By the 1740s, my mother’s forebears, the Dodsons, had left the Virginia tidewater where they had been for most of a century and had moved to the edge of settlement in southwestern Virginia. Before 1796, they were clearing virgin forest in central Tennessee. My father’s family, Tylers, Foremans, and Shieldses, were on the move, too—first to the Shenandoah Valley and then following Daniel Boone over the Wilderness Road into Kentucky after the Revolutionary War.
They were just in time. Elk were fast disappearing east of the Appalachians and the last bison east of the Appalachians was killed in 1801 at Buffalo Cross Roads in Pennsylvania. West of the Appalachians all was well, however. Boone remembered Kentucky where he “found everywhere abundance of wild beasts of all sorts, through the vast forests. The buffalo were more frequent than I have seen cattle in the settlements.”
Beaver had been largely trapped out of New England as early as 1650. By the late 1830s, only a few individuals remained in the most remote corners of the West after the mountain-man trapping frenzy.
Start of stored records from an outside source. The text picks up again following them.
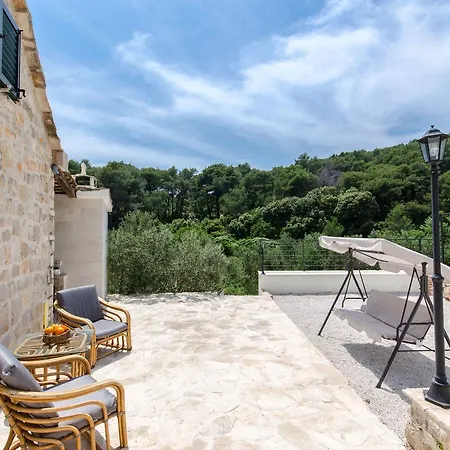 Villa Rokova Vala Sumartin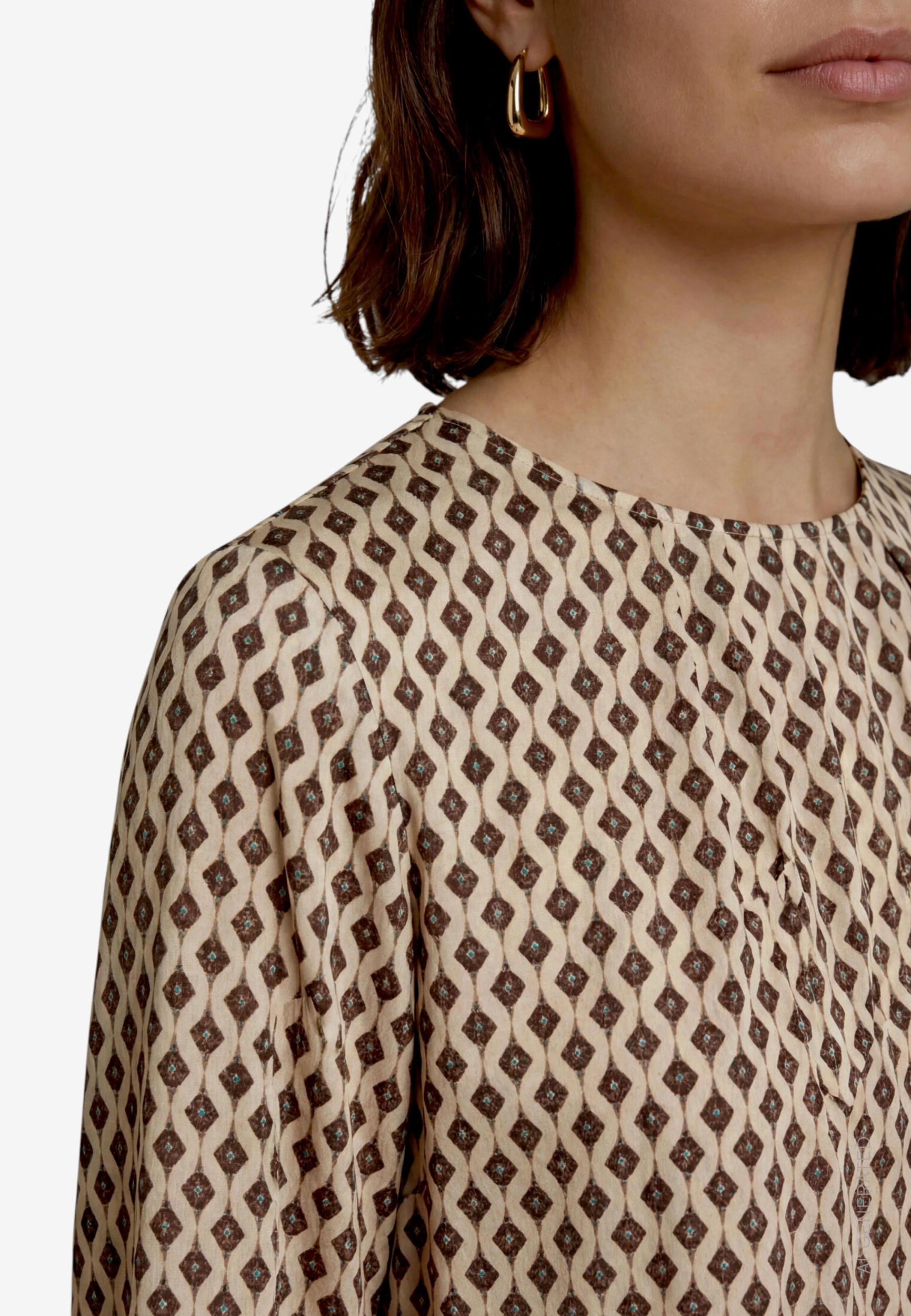Bluse Kurz 1/1 Arm #5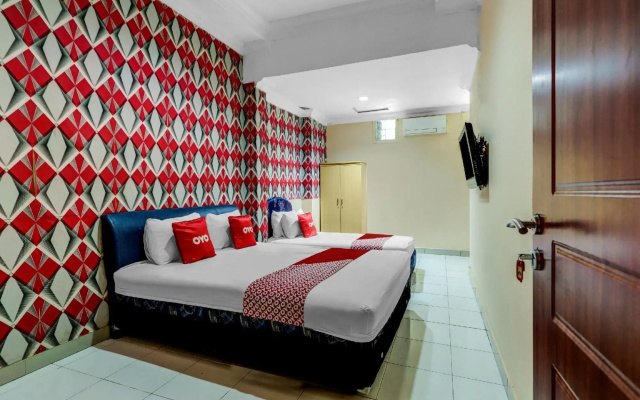 Guest House 268 by OYO Rooms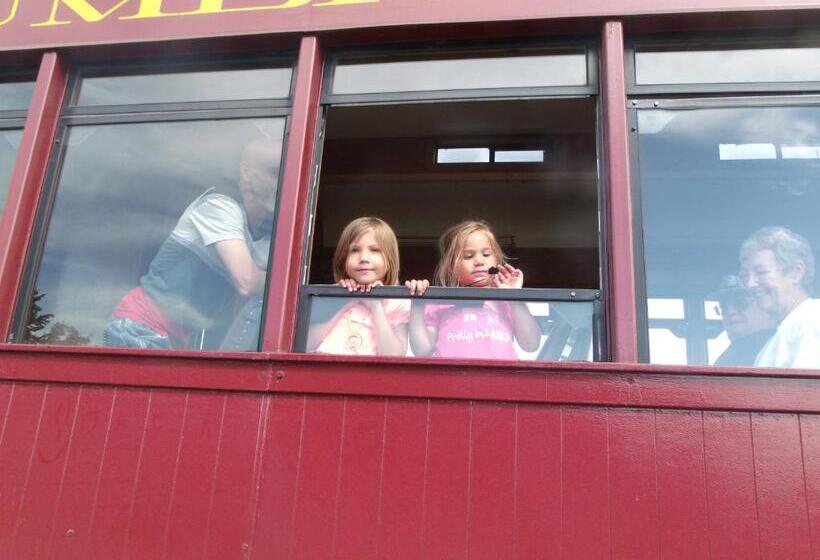 فندق Narrow Gauge Railroad Inn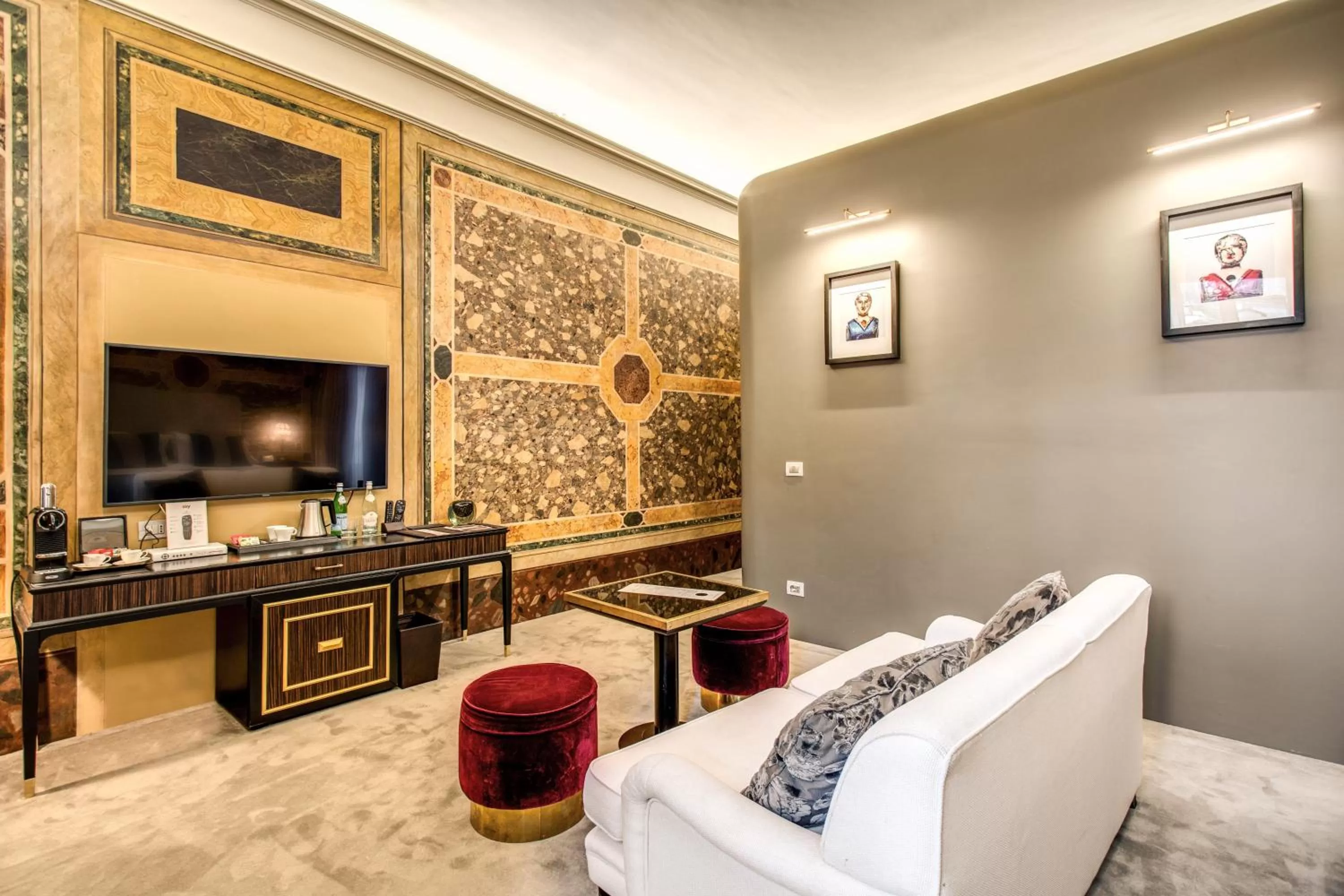 TV and multimedia in Martius Private Suites Hotel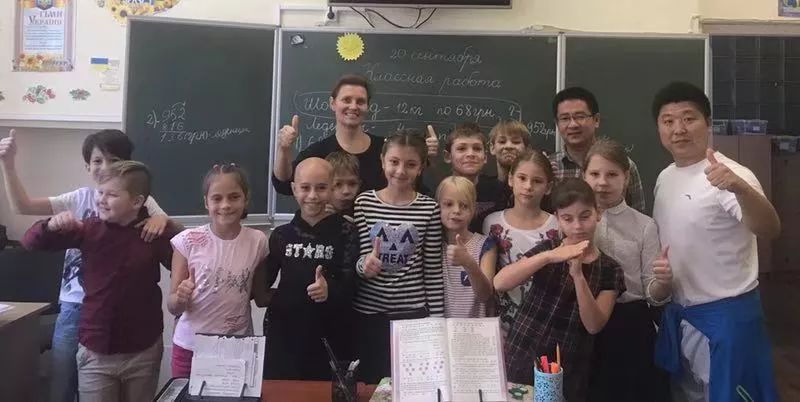 龙泽萝拉 她基本淡出了公众视野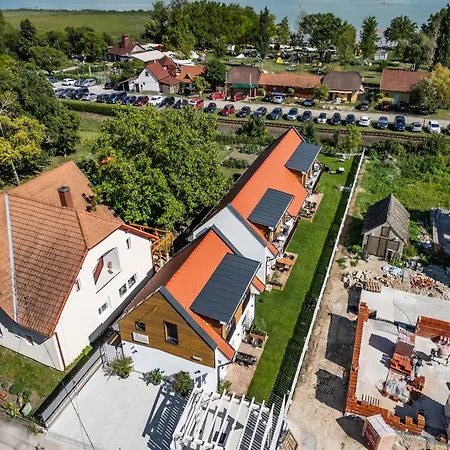 아파트 Pipacs Es Buborek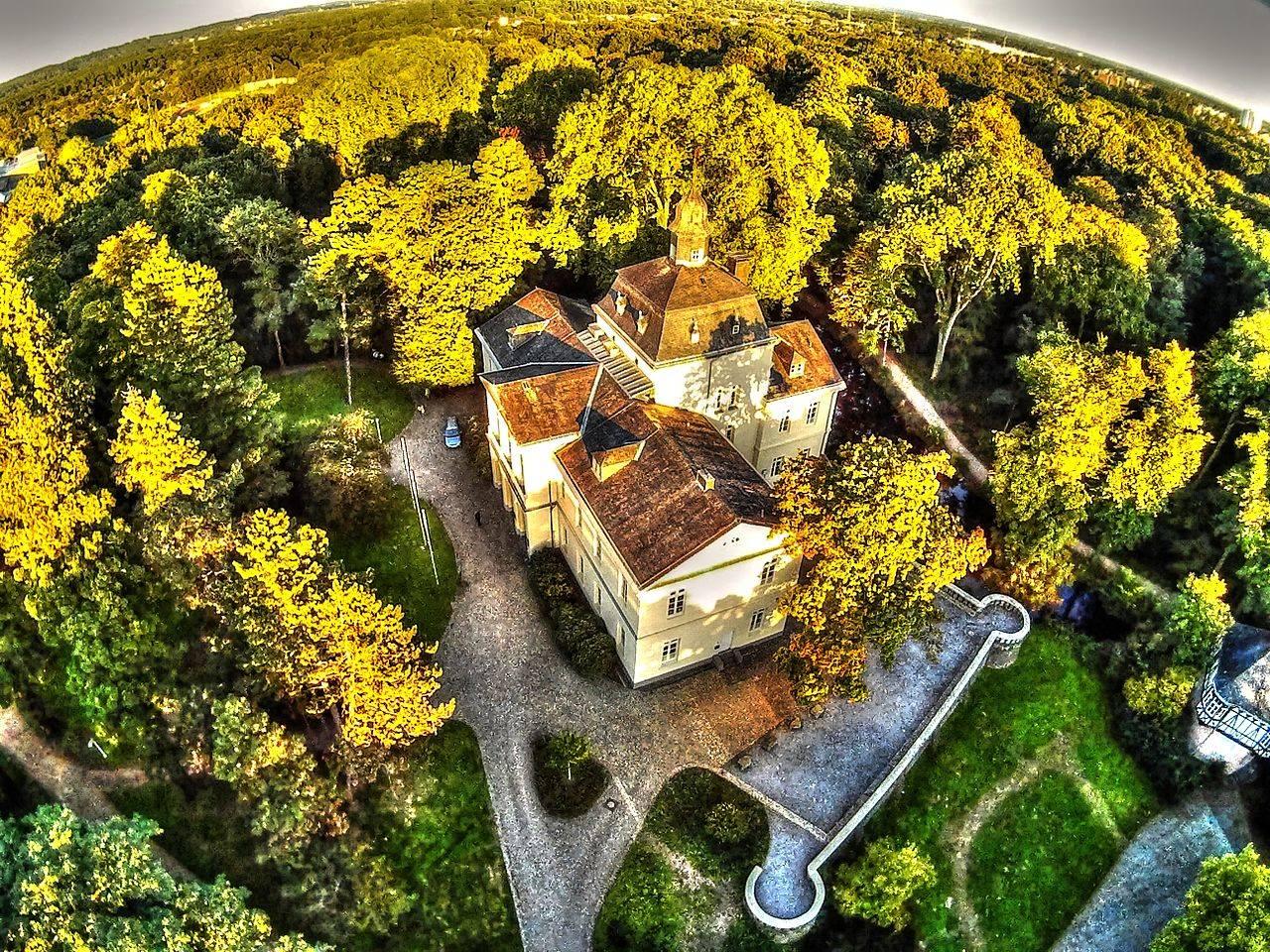 Luftbild von Schloss Eller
This virtual extermination of one of the most abundant and widespread mammals of North America (biologists estimate there were 60 million beavers in North America before Columbus5) has had far reaching ecological consequences. Beavers are a keystone species, which means they “enrich ecosystem function in a unique and significant manner through their activities, and the effect is disproportionate to their numerical abundance.” The beaver, through its dam building, had shaped much of North America. Dozens of other species depended on the beaver-crafted landscape. With the rapid removal of the big rodents, Americans and Canadians grossly changed the face of the land. Wetlands dried up, many species lost much of their habitats, stream dynamics changed, floods increased, water flows decreased during dry seasons; no one has fully documented all the ecological impacts caused by the early loss of the beaver.
Click the attachment below to read the entire “Campfire.”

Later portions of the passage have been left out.